Все это нужно бы считать совершеннейшей очевидностью: ни Сталин, ни Гитлер, ни Муссолини, ни Наполеон решительно ничего общего не имеют с Востоком, ни с Западом, ни с таинственной славянской душой грузинского происхождения, ни с норманнской душой австрийского, ни с французской душой корсиканского. И высказывания д-ра Шумахера есть абсолютный вздор. Но есть вещи несколько менее очевидные.

Тоталитарный режим в России возник в 1917 году. И так как воспоминания о Робеспьере уже исчезли из памяти просвещенной Европы, то можно сказать, что этот режим был нов и что люди, которые его строили или помогали строить, еще не знали, чем именно все это кончится.

Тоталитарный режим в Германии возник на 16 лет позже; русский опыт уже был налицо.
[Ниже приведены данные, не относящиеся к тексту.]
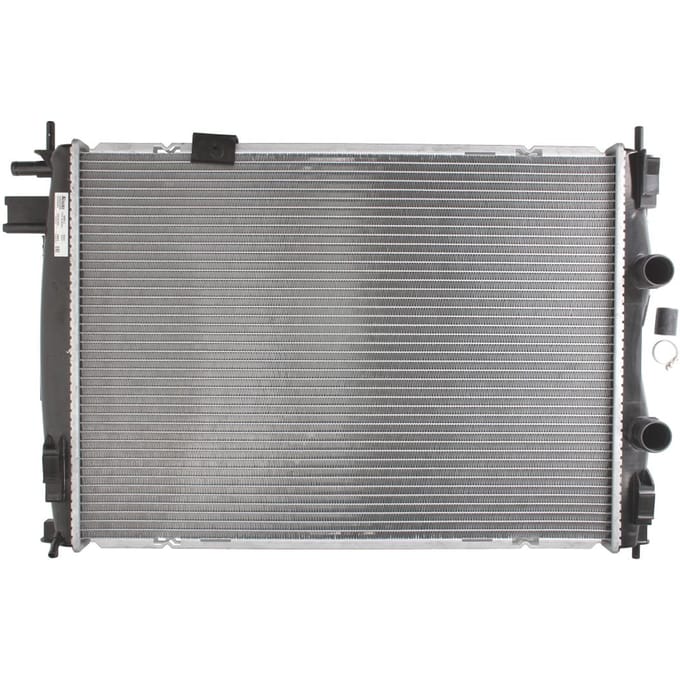 Radiator, motorkoeling NISSENS 68811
И Ленин, и Гитлер ликвидировали не «старые реакционные режимы» — оба они проломили черепа новорожденным демократиям — русской и германской. Так вот, в защиту русской демократии много лет подряд велась жесточайшая в истории страны гражданская война. В защиту германской демократии не поднялся ни один штык.
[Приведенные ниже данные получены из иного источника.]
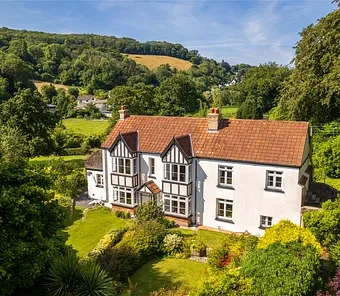 Sterridge Valley, Berrynarbor, Devon, EX34 - Webbers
Были ли белые русские генералы «реакцией» или не были, сейчас ответить на это нелегко. Но против Ленина восставали не только белые генералы: восстали кронштадтские матросы, ярославские и уральские рабочие, пытался восстать Всероссийский союз железнодорожников, и по всему пространству России в разное время и в разных местах восставало почти все русское крестьянство. Больше трех миллионов людей бросили свою родину, бежали в эмиграцию, где сидят и до сих пор вот уже тридцать лет.

Так русский ВОСТОК ответил на насилие над демократией. А как ответил германский ЗАПАД?

Принцы крови, в том числе и наследник престола; социал-демократы, в том числе и герр Лебе; коммунисты, в том числе и те из них, которые из рядов компартии перешли в ряды СС, а теперь вернулись обратно, — почти вся Германия сказала Гитлеру zum Befeth! Вся Германия защищала Гитлера — до последней капли крови в последнем подвале рейхсканцелярии. Красная Армия стала защищать Россию, а следовательно, и СССР, а следовательно, и Сталина, только с того момента, когда выяснились цели Германии. Германская армия пыталась воткнуть нож в спину Гитлера только в момент, когда выяснился провал целей Германии.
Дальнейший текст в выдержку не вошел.